Decía Ernesto Sábato que las transformaciones fundamentales en literatura eran generadas por autores geniales, pero que estaban condenados a tener una ristra de seguidores cada uno peor que el anterior, aprendices de brujo que intentaban seguir las recetas de sus maestros, pero sin el talento ni la capacidad de innovar, y que terminaban deformando un estilo o una idea hasta la ridiculez.

Y, aunque Sábato escribía eso pensando en Faulkner o Joyce, seguro que también es aplicable a Jane Austen, una mujer brillante, que aprovechó las oportunidades que tenía la vida que las mujeres de su época podían llevar para observarlo todo. Para observar que las mujeres en su tiempo no tenían, prácticamente, más opciones que casarse para sobrevivir, que eso llevaba a familias enteras a dedicarse, casi como una obsesión, a cazar maridos ricos para sus hijas (aunque no tuvieran nada en común, pero que las mantuvieran) y a las chicas a convertirse en adornos sin opinión, desesperadas también por conseguir un buen producto en el mercado de las bodas. Y luego, en medio de todos esos rituales más o menos idiotas que existían para que los varones adinerados pudieran elegir a una esposa agradable y obediente, los misterios del corazón. Todas las cosas que se asumen y no se dicen, los errores que cometemos por no escuchar, o por no preguntar. Los malos entendidos tontos que nos roban la felicidad.
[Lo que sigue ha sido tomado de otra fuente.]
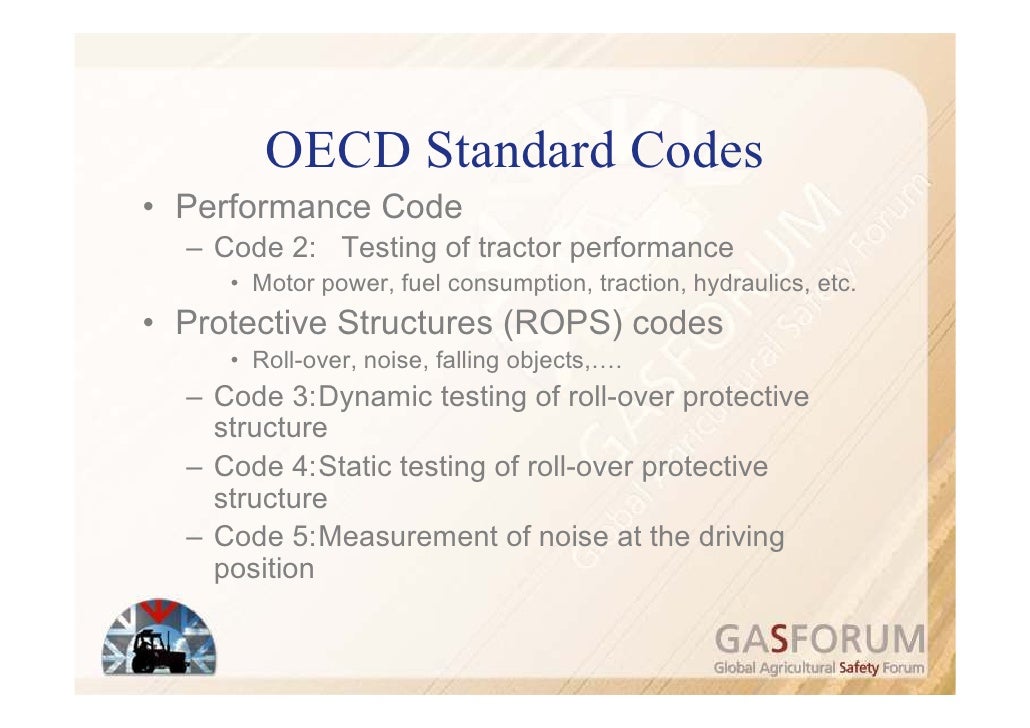 The OECD Standard Codes for Agricultural and Forestry Tractors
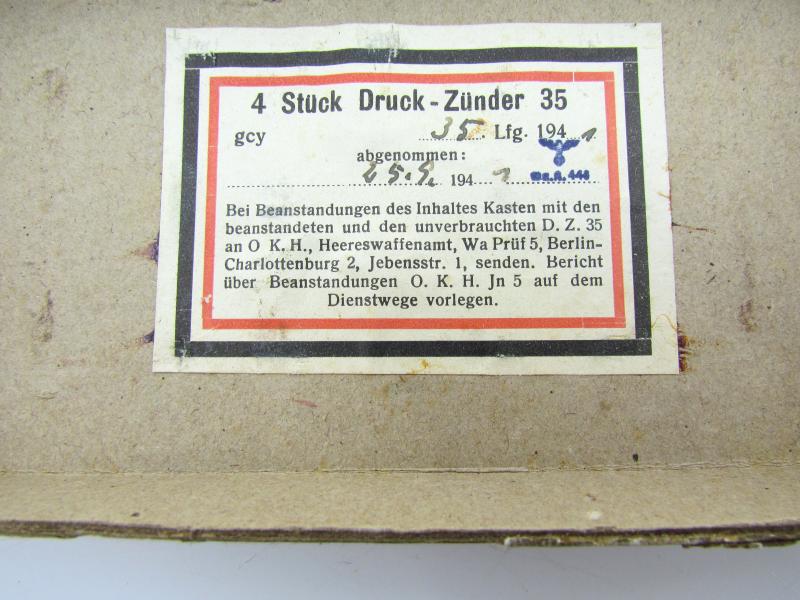 Original WWII German Druck-Zünder 35 (DZ 35) — set of 4 in the original carton.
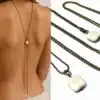 N3884b Collier de dos fantaisie perle carrée howlite blanche métal bronze - Bijoux de corps en ligne Ninanina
Y elige hablarnos de todo esto contándonos la novela de la familia Bennet, que tuvo cinco hijas y ningún varón. Y que necesita casar a sus hijas desesperadamente. Y dentro de esta familia, es la historia de Elizabeth Bennet, la segunda de las hijas, una chica de notable inteligencia y que no está dispuesta a casarse sin amor. Una chica de mucho sentido común, de firmes valores y de un carácter valiente. Un lujo de mujer… si la pobrecita tuviera dónde lucir esas características. Pero vive en una sociedad que valora más el saber bordar y disponer una cena para 20 personas, ser buena anfitriona y nunca discutir. Y resulta que Elizabeth conoció a un hombre que podría haberle gustado: un tipo inteligente, correcto, justo, buenmozo y caballero… pero demasiado orgulloso, demasiado altanero para mirar a una chica de provincias. Y si el caballero, que se llama Mr. Darcy, no la ve porque está cegado por su orgullo, ella tampoco lo verá, porque juzga precipitadamente a las personas, y el tal Darcy es estirado y pesadito. No ve que en realidad es más tímido que pesado, y que no se siente del todo cómodo en esas actividades frívolas que inventaban para cazar maridos.
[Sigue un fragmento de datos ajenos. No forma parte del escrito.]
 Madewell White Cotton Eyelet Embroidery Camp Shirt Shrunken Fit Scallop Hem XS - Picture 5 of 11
La novela será la historia de ellos dos superando los obstáculos que se interponen: por un lado los obstáculos externos, que representan la intriga de la historia y que deben ser resueltos durante el transcurso de ésta, pero también los obstáculos internos, que los obligan a transformarse, a convertirse en personas mejores, más dignas una de otra: si él dejará su orgullo y se volverá humilde ante ella, aceptando los peores desprecios si es necesario, ella se volverá más sabia y aprenderá a no juzgar a la gente precipitadamente, y a ver que debajo de esa apariencia fría y distante hay un hombre de verdadero corazón.
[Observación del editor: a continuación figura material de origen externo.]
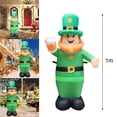 thumbnail image 3 of Kearding Leprechaun inflable gigante de 8 pies para el Día de San Patricio con luz LED que sostiene cerveza para divertirse al aire libre en el patio de Almacenamiento y organización del hogar Kearding HA023749-00, 3 of 6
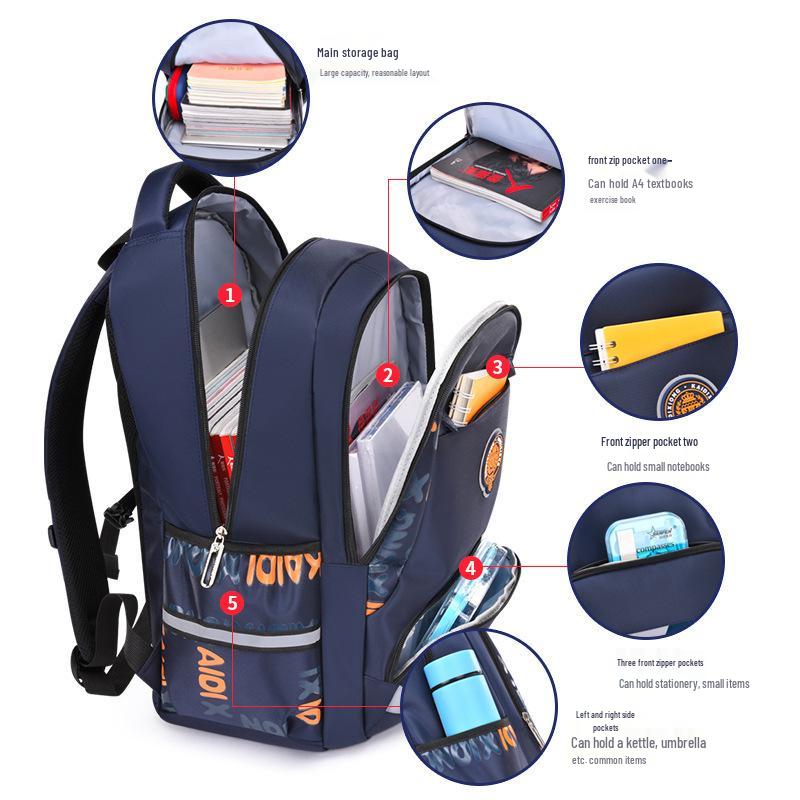 Waterproof Lightweight School Backpack for Boys - Large Capacity, Burden-Reducing Design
Todos los mitos de la chick-lit quedan inaugurados aquí: la pareja dispareja que termina enamorada, el hombre que cambia por amor, las personas malas que intentan interponerse entre ellos, los malentendidos, los personajes graciosos que alivian la tensión dramática con sus conductas torpes, todo. Pero en esta novela aparecen brillantemente entretejidos, y combinados con la poderosa capacidad de observación de Jane Austen: ella es capaz de mostrarnos a personajes de verdad, complejos y profundos, con sus dudas y sus motivaciones, que a veces no son las que ellos mismos hubieran admitido.

Y algo más: también está aquí el humor de Austen. La novela es divertida, porque está trufada de las observaciones de la autora, que lo ve todo y se ríe de las ridículas convenciones de su tiempo, que obligaban a la gente a hacer muchas veces lo que jamás hubieran deseado, pero que sentían que estaban forzados a hacer. Ya desde el inicio, uno de los más célebres de la literatura: «Es una verdad universalmente reconocida que un hombre soltero, poseedor de una gran fortuna, necesita una esposa», la autora nos muestra que ella misma no se toma en serio toda la farsa que su época llamaba vida de sociedad.

Al final, una estupenda novela decimonónica, un monumento literario, profundo y divertido. Una lectura amable, que da gusto y no cansa, y uno de los primero grandes vistazos literarios al mundo según lo ve una mujer. Allí donde Tolstoi da cátedra, Dostoievski reflexiona hondamente y Flaubert disecciona almas, Jane Austen se ríe y da en el clavo, medio a medio, sin fallar jamás.